Although HPV + tumours typically present at a more advanced stage, they are associated with a more favourable prognosis. Tumour hypoxia has been associated with radioresistance but direct measurement of tumour oxygenation has practical limitations. Consequently, candidate endogenous markers of hypoxia (EMH) (e.g. Glucose Transporter 1 (GLUT1) and Carbonic Anhydrase IX (CAIX)) have been evaluated. No previous studies have stratified EMH analysis by HPV status. Moreover, there have
been no previous studies quantifying EMH expression within the stromal compartment of these tumours. Methods: Ninety-two patients diagnosed with locally advanced HNSCC and treated with concurrent cisplatin and radiotherapy between 2000 and 2005 were identified. Fifty-five patients LY2606368 nmr had pre-treatment FFPE tumours available for analysis. Triplicate 0.6 mm cores were assembled into TMAs. Semi-quantitative p16 immunohistochemistry (IHC) staining was used as a surrogate for HPV status.
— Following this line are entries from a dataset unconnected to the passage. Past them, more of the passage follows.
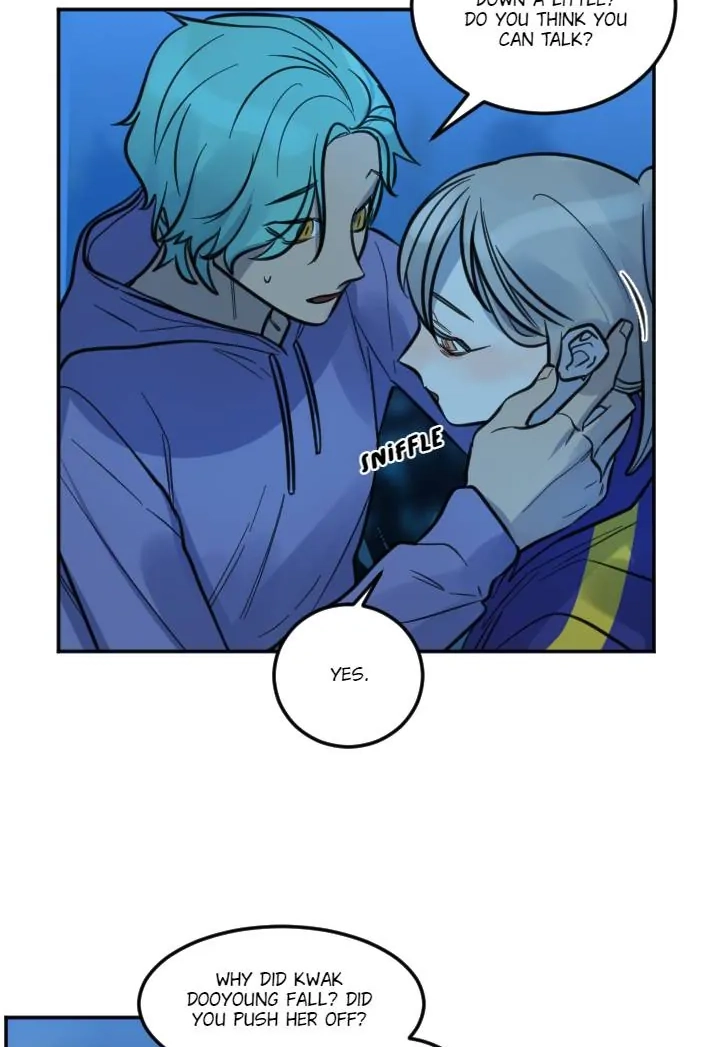 School of Dogs Chapter 98 page 37 - 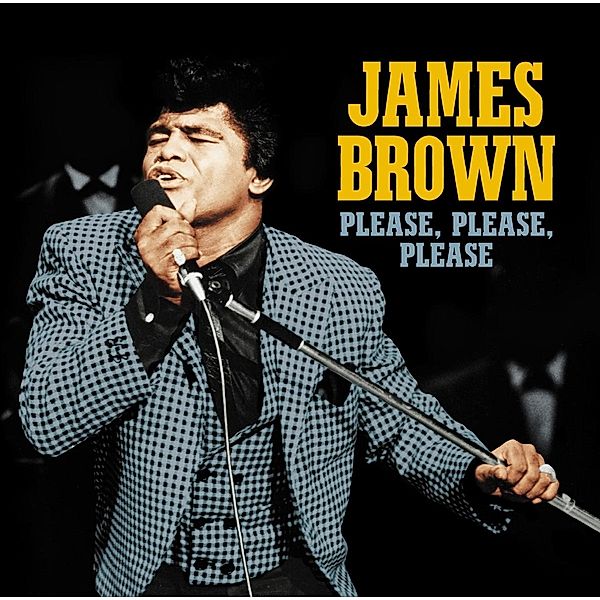 Please,Please,Please (Vinyl), James Brown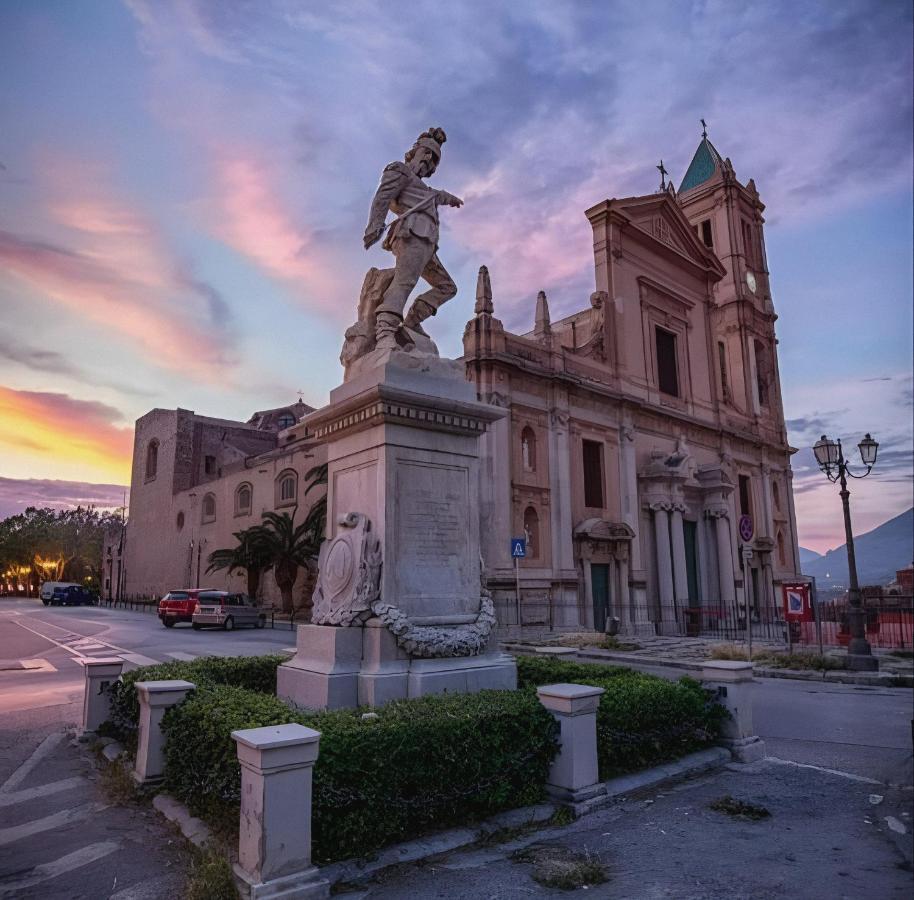 Villa Bona Termini Imerese Zewnętrze zdjęcie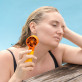 Ventilador recargable con pulverizador - So Fresh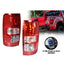 Pair LH+RH Tail Light Rear Lamp NON LED For Holden Colorado RG 2012~2020 Ute
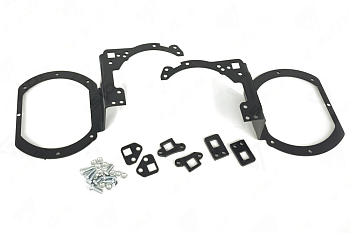Переходные рамки Subaru Tribeca B9 дорестайлинг USA (2004-2007 г.в.)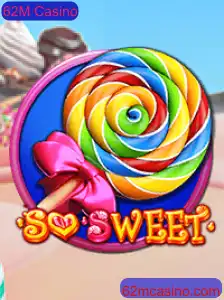 Descubra o Encantador Mundo de SoSweet no 62M Casino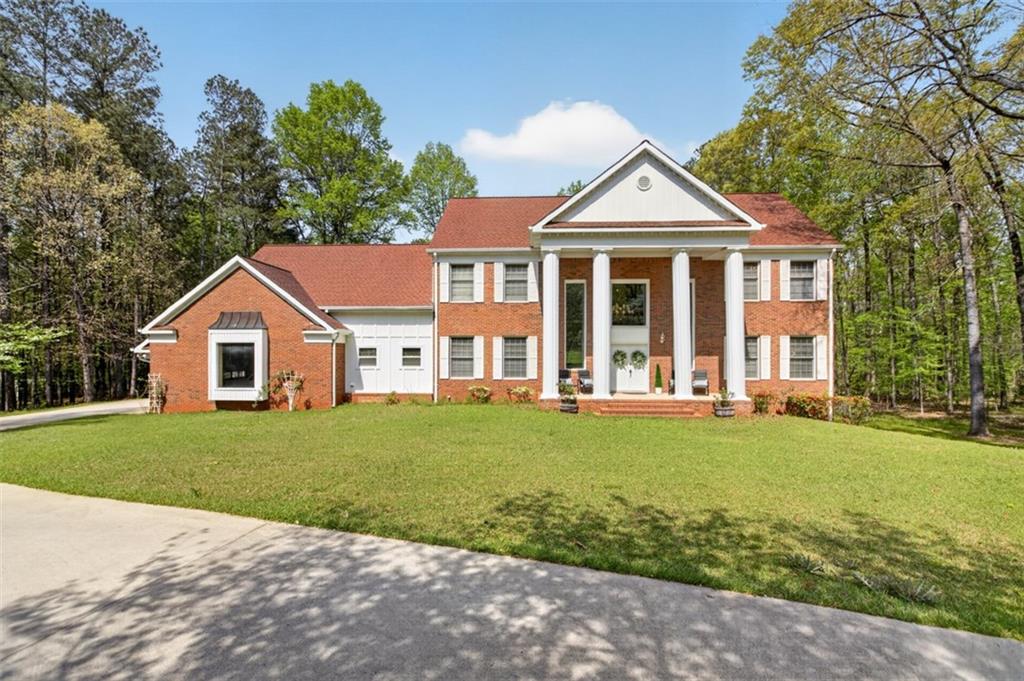 3035 Mt. Zion Road — photo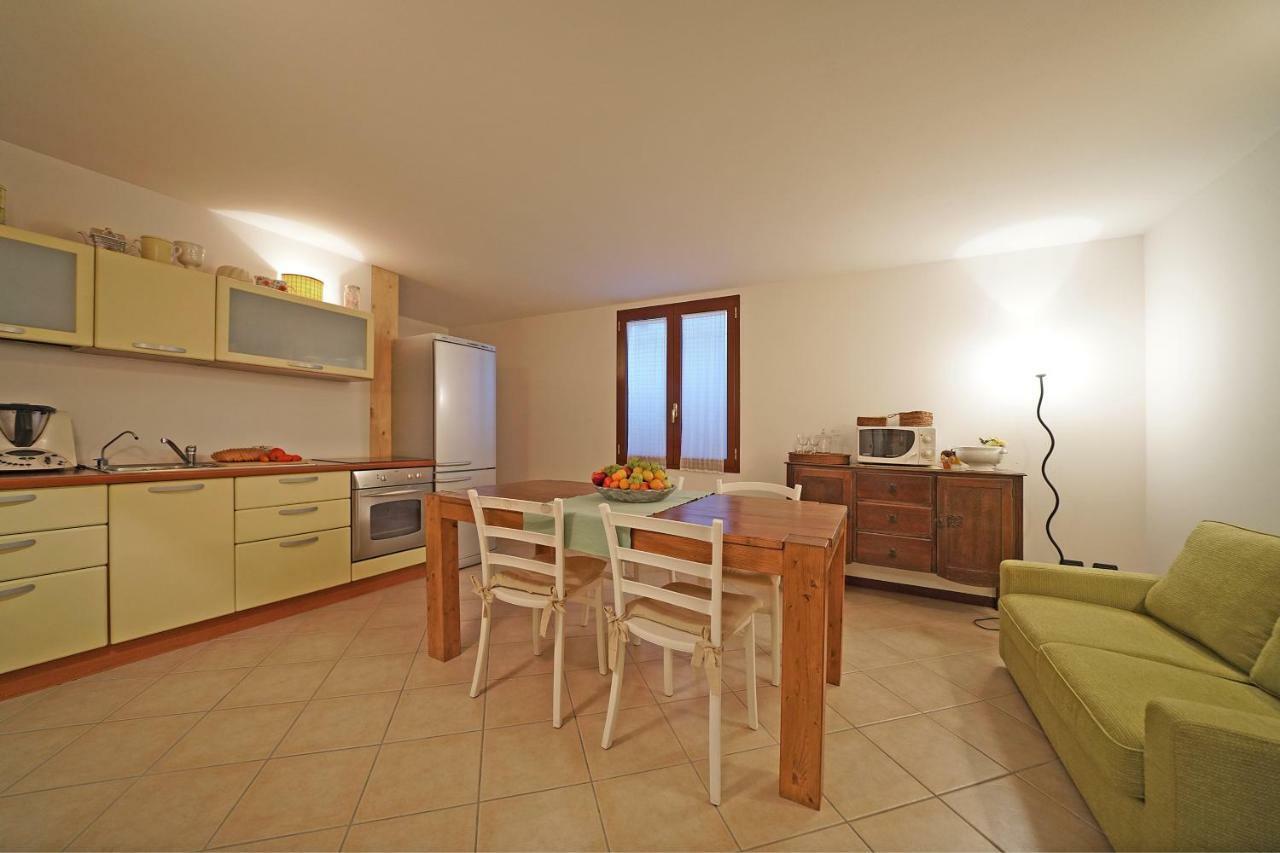 Villa Margherita Portese San Felice del Benaco Buitenkant foto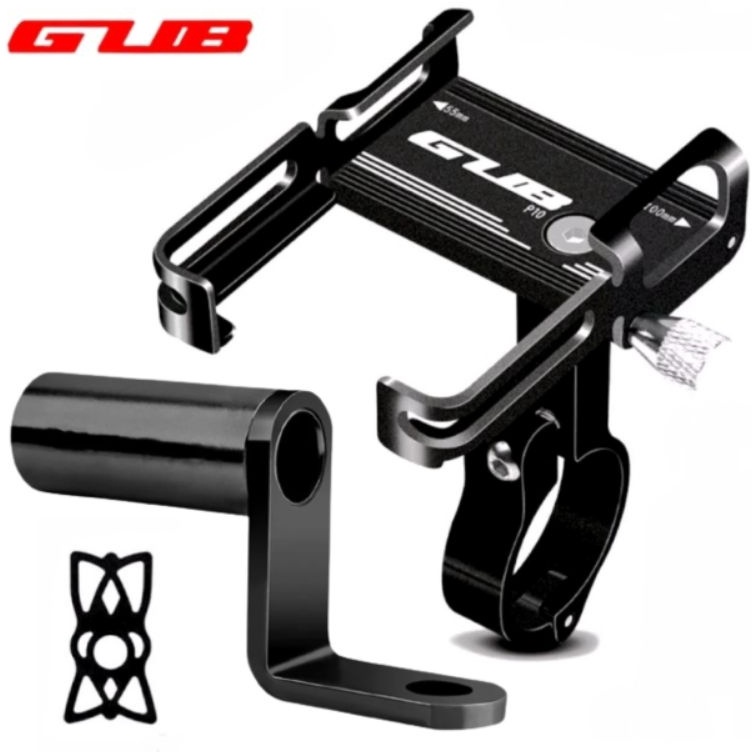 Terlaris uC Holder HP GPS GUB P1 G81 Holder HP Motor Adv Pcx Fazzio Vario Beat Scoopy dan lainlain  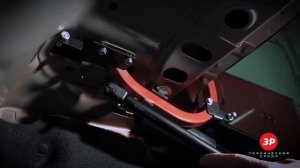 Газовые упоры для багажника Лады Весты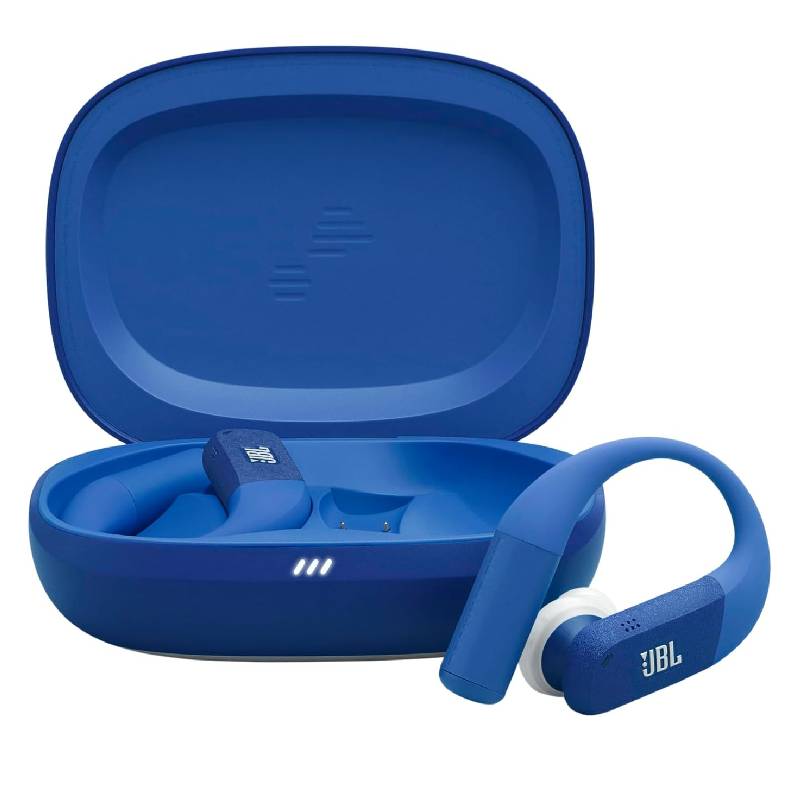 Écouteurs Sans Fil JBL Endurance Peak 4 - Bleu - JBL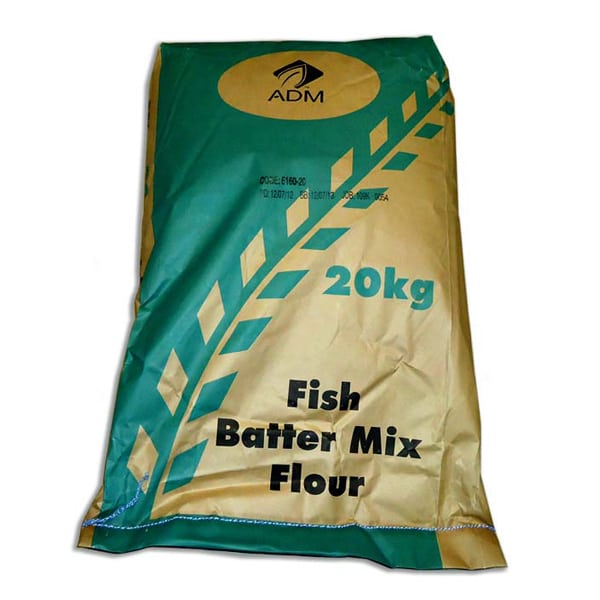 MIX BATTER 20KG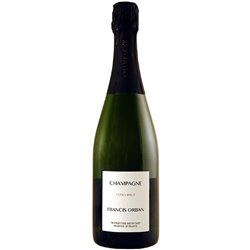 Champagne Extra Brut - Francis Orban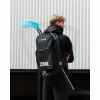 Zone FUTURE Backpack 25L černá-stříbrná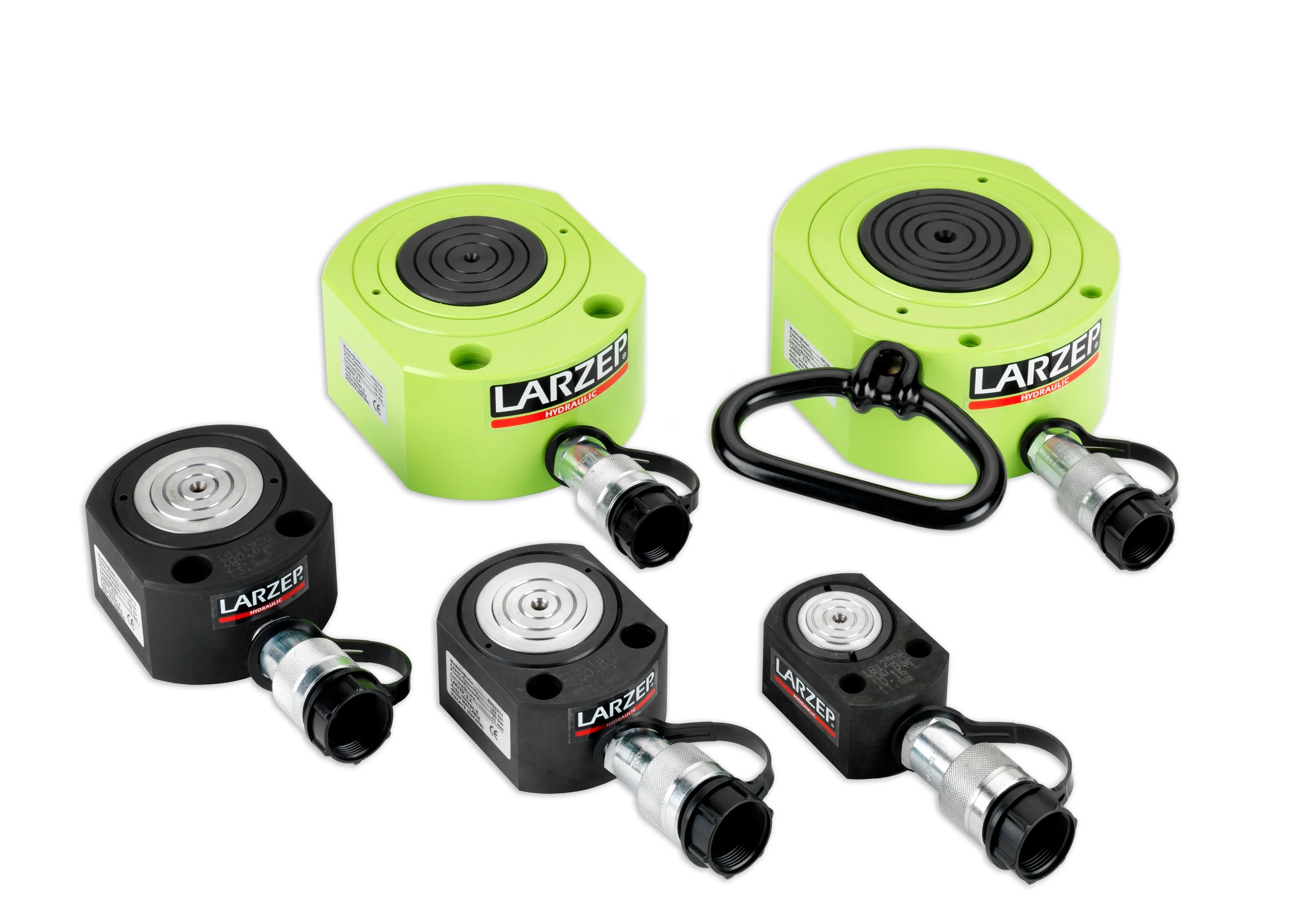 SMX - Enkelverkande kompakt cylinder LARZEP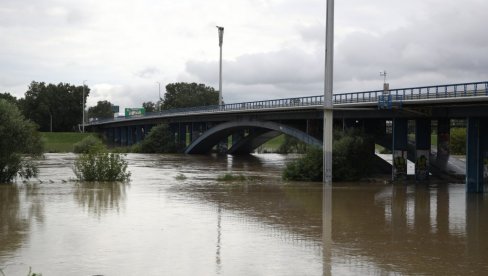 ХРВАТСКЕ ВОДЕ О ПОПЛАВАМА: Нема бојазни да ће се Купа на карловачком подручју излити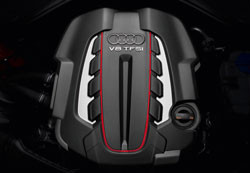 Un nouveau moteur 4.0 TFSI de 420 ch chez Audi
Automated, quantitative IHC (AQUA HistoRx™) was used to quantify staining for CAIX and GLUT1, as candidate EMH. We analysed the tumour and stromal expression of each
candidate EMH, stratified by tumour p16 status. Overall survival was estimated from Kaplan-Meier method and curves compared using a log rank test. Results: 53% of tumours were p16+ and 47% were p16-. For https://www.selleckchem.com/products/Cyt387.html patients with p16- tumours
and high stromal CAIX expression, 2-year overall survival was 33%, compared to 91% with low stromal CAIX expression (p < 0.05). At 5 years, this overall survival difference remained significant (42% vs 22%, respectively, p < 0.05). Epithelial CAIX expression was not a statistically significant Branched chain aminotransferase predictive factor. Conclusion: High stromal CAIX expression is a significant negative predictive factor for survival in locally advanced HNSCC patients with p16- tumours. This finding may impact therapeutic targeting for this patient group, including use of hypoxic radiosensitizers. Poster No. 7 Avastin Has a Direct Deleterious Effect on Multiple Myeloma Cell Lines Oshrat Attar1,2, Michael Lishner1,2,3, Shelly Tartakover Matalon1,2, Liat Drucker 1,2 1 Oncogenetic Laboratory, Meir Medical Center, Kfar Saba, Israel, 2 Sackler Faculty of Medicine, Tel-Aviv University, Tel Aviv, Israel, 3 Internal Medicine Department, Meir Medical Center, Kfar Saba, Israel Introduction: Multiple myeloma (MM) is an incurable malignancy of plasma cells.